**TASK**.
Everything in the data below except the pictures must be repeated word for word.

**SUPPLIED MATERIAL**.
════════

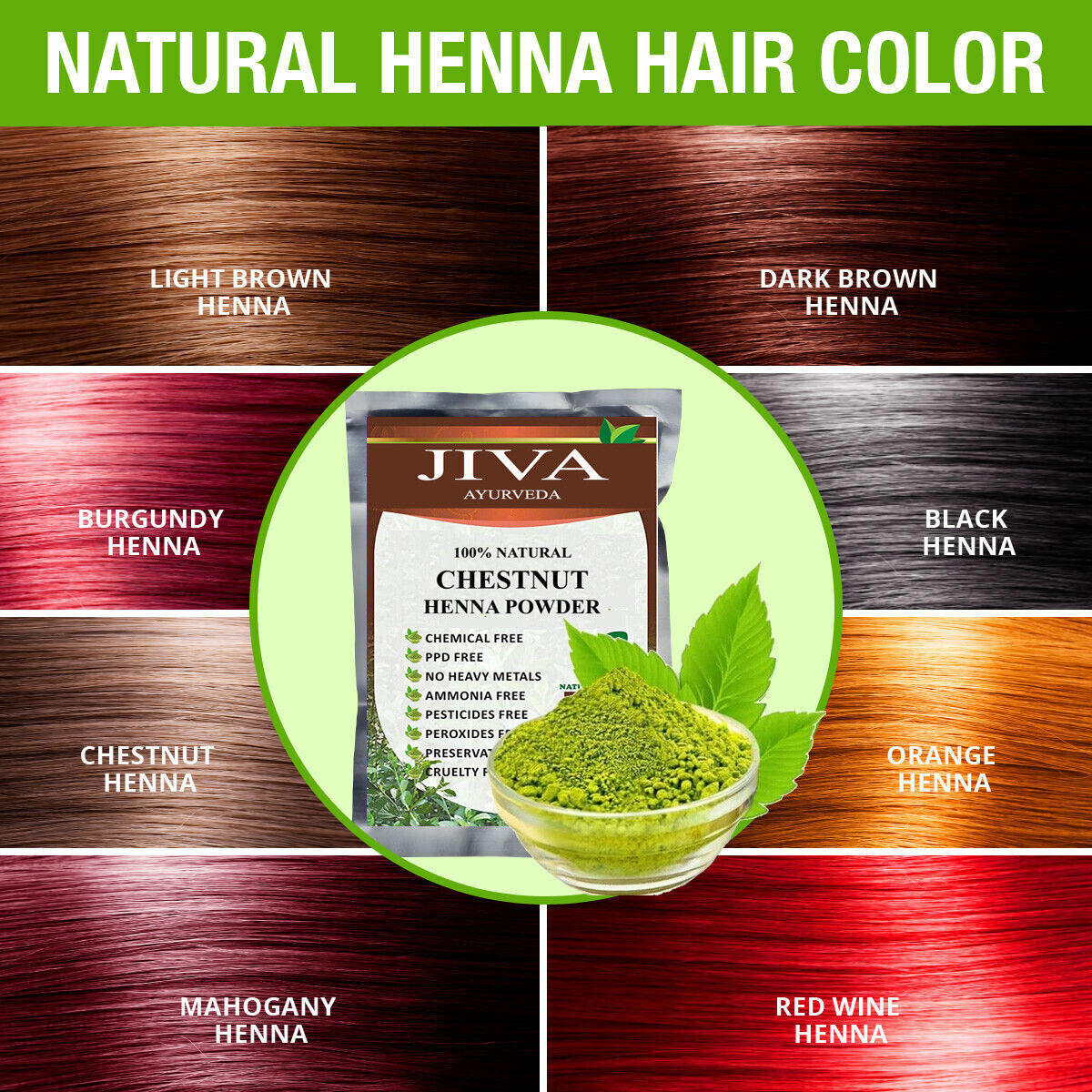 Henna Hair Dye Color Powder CHESTNUT/BLACK /BROWN/RED WINE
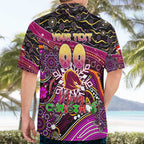 Merry Christmas Broncos Hawaiian Shirt Aboriginal Santa Rugby Mascot - Brisbane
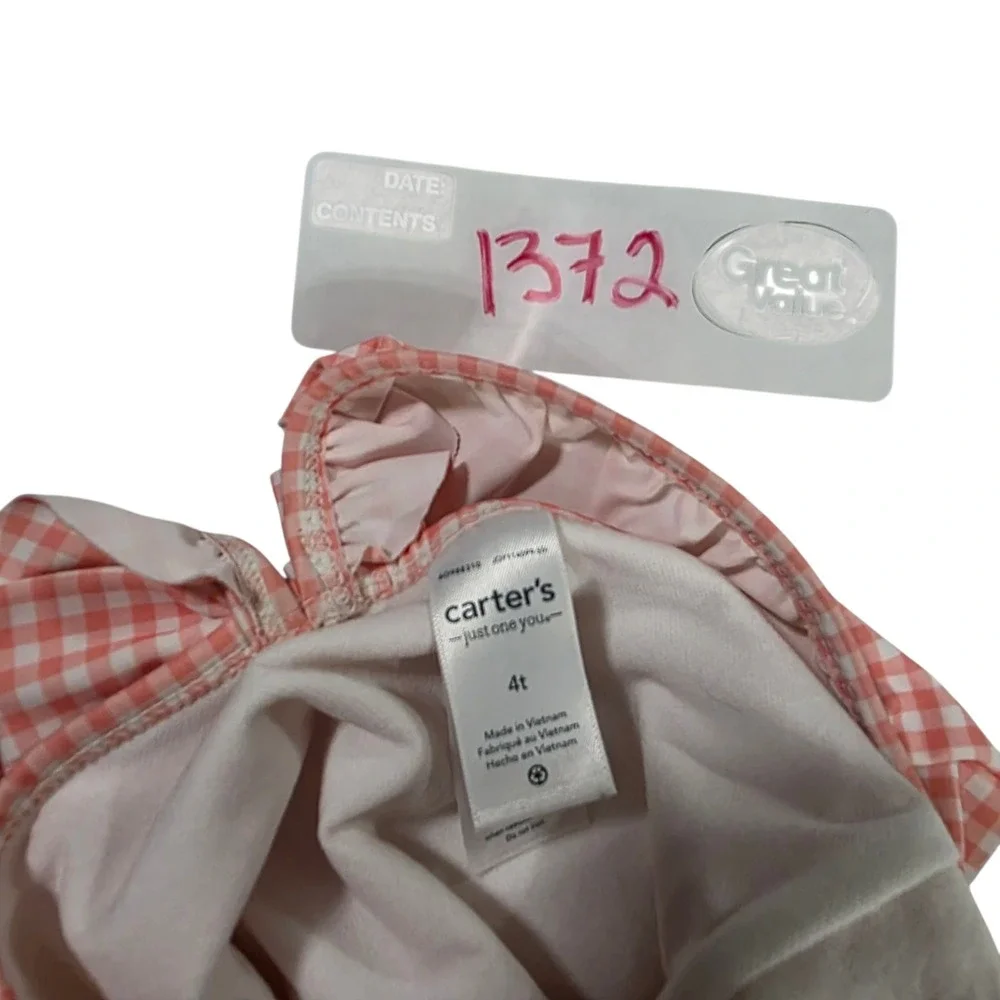 Carters‎ One Piece Swimsuit Baby Girl Pink White 4T Plaid Stretch Bow Ruffled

════════

**SOLUTION TO THIS TASK**.
 Henna Hair Dye Color Powder CHESTNUT/BLACK /BROWN/RED WINE
 Merry Christmas Broncos Hawaiian Shirt Aboriginal Santa Rugby Mascot - Brisbane
 Carters‎ One Piece Swimsuit Baby Girl Pink White 4T Plaid Stretch Bow Ruffled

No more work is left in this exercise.